Thursday, The Great Escape 2013.

The littoral British retreat that is Brighton may be better renowned for saccharine tat and chish and fips still swimming in gristle and grime than it may be for musics and the manic frenzy their festivals so often entail, although the city becomes a bloody hive of hype for the one weekend of the year. That is this, and this is the 2013 edition of The Great Escape. So let the buzz begin!

Away from the unrelenting bustle of the capital – a restive kind of agitation capable of bludgeoning even the irrepressibly ebullient into submission with an unrelentingly weighty despondency – The Great Escape has carved out a becoming niche, or perhaps rather a comfortable pothole in a field more often than not quite literally oversaturated with irredeemable shite. This year we’ve already lost Vince Power’s annual snoozefest, Hop Farm Music Festival while All Tomorrow’s Parties’ chalet shindigs are to become a thing of the past this coming winter, thus elucidating the continuation of a downward trend in general intrigue. “It’s been another challenging year for the music industry at large, but opportunities still abound and The Great Escape is the place to capitalise on that fact” co-founder and creative director Martin Elbourne so defiantly states in his programme notes, though can the festival genuinely sustain itself and thrive where others have so pathetically failed of late?

The festival circuit has, to all intents and purposes, been rekindled with less of a spark than a splutter this month, what with the Camden Crawl also on its knees having this year taken an ill-advised hiatus to thereby detract impetus from the imminent onset of this supposedly bright, and with that enlightening season.
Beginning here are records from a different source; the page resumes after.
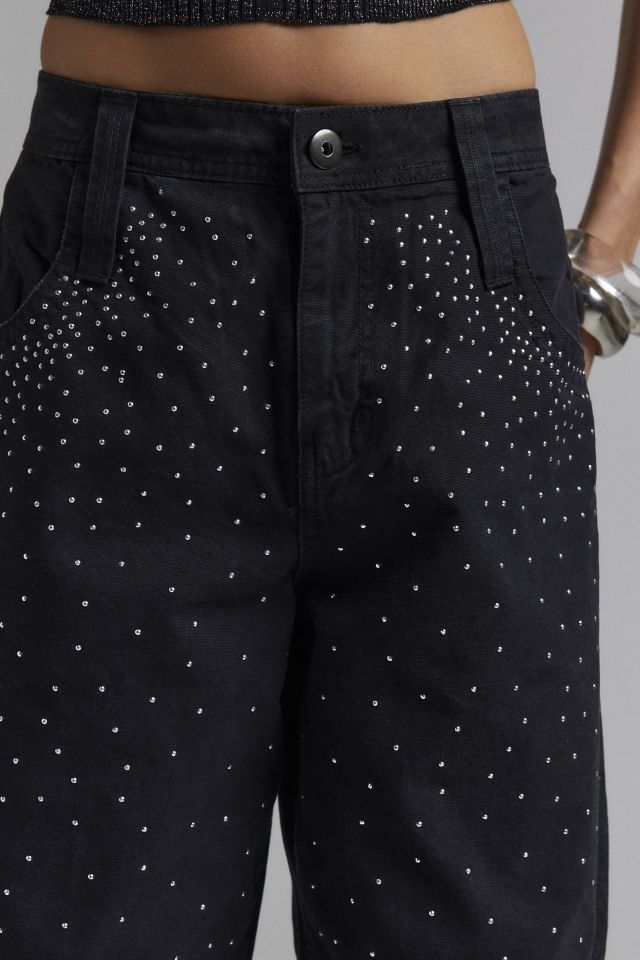 Silence + Noise Montana Crystal Embellished Pant #1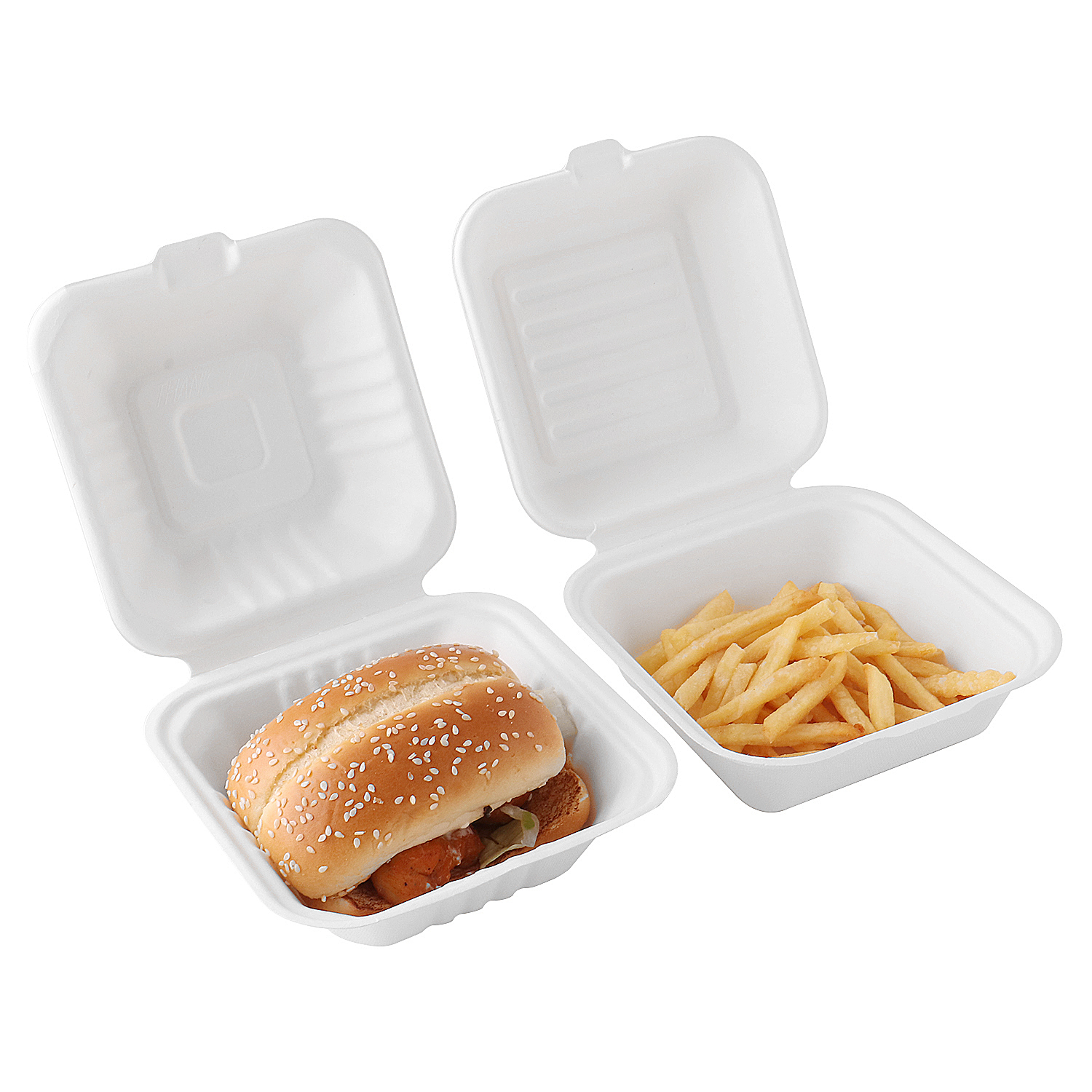 Takeaway 6 inch hamburg box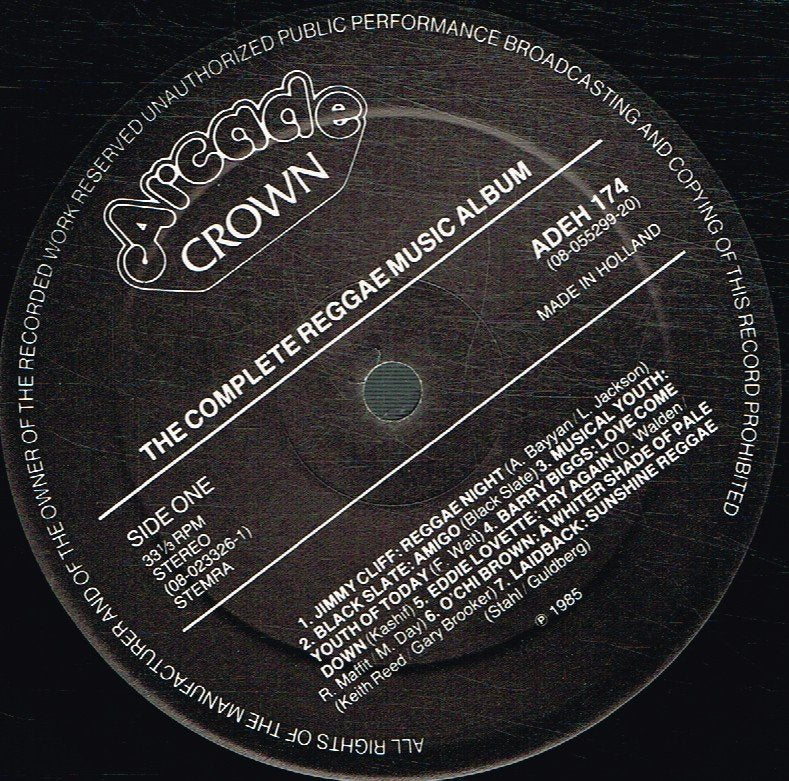Various Artists - Complete Reggae Music Album - Double Lp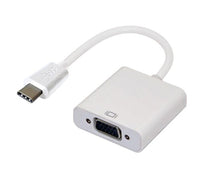 Thumbnail for ASTROTEK Thunderbolt USB 3.1 Type C USB-C to VGA Adapter Converter Male to Female for Apple Macbook Chromebook Pixel White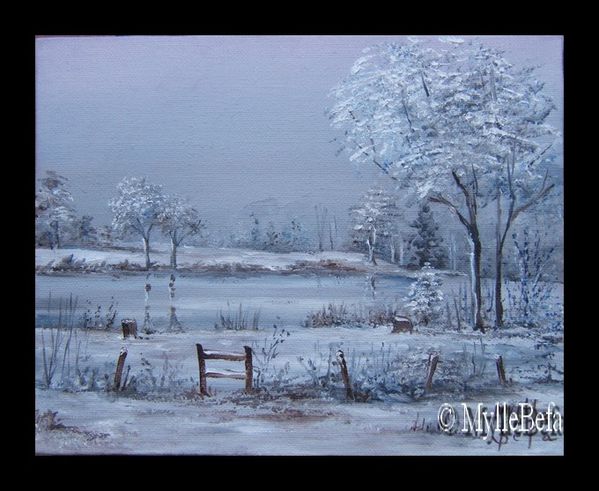 paysage de neige gris Myllebefa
And Brighton itself this weekend seems that bit more dilapidated still than it did even some twelve months ago, although all of its slight idiosyncrasies ensure #TGE13 succeeds where the ‘Crawl so hopelessly falters in that the South East idyll feels in touch with the contemporary and exists in the now, whereas N-Dubz still belongs to some dystopian ’90s nightmare presided over by Simon Price. The multifarious musics on offer throughout the weekend, meanwhile, frequently seem keenly bleeding edge as the man’s bloody red felt horns although ahead of all that, I stop and ponder the advertising effect a moment. The times they’ve a-changed, and this Thursday afternoon is tinged with reminders of this being a wearying while of economic austerity – a lofty obstacle in the stumbling and falling of the annual carnival the festival circuit without fail becomes come May. Follow Vevo to uncover the whereabouts of some nondescript secret show, or slather yourself in freebie Lynx if the salted air founders on refreshing your yet pasty white features, or slur lost words to volunteers plastered in Metro tees dispatched to video uphill ambles on iPhones. There’s an element of the contrived to it all, although there’s an incontestable sensation of this ubiquitous commercialism being nothing but a necessary evil in the facilitation of events such as this in the first place. And when certain festivals are now charging the hapless to sign away a summer erecting tents or serving the slaughtered, the odd bit of (albeit indiscreet) product placement can of course be overlooked.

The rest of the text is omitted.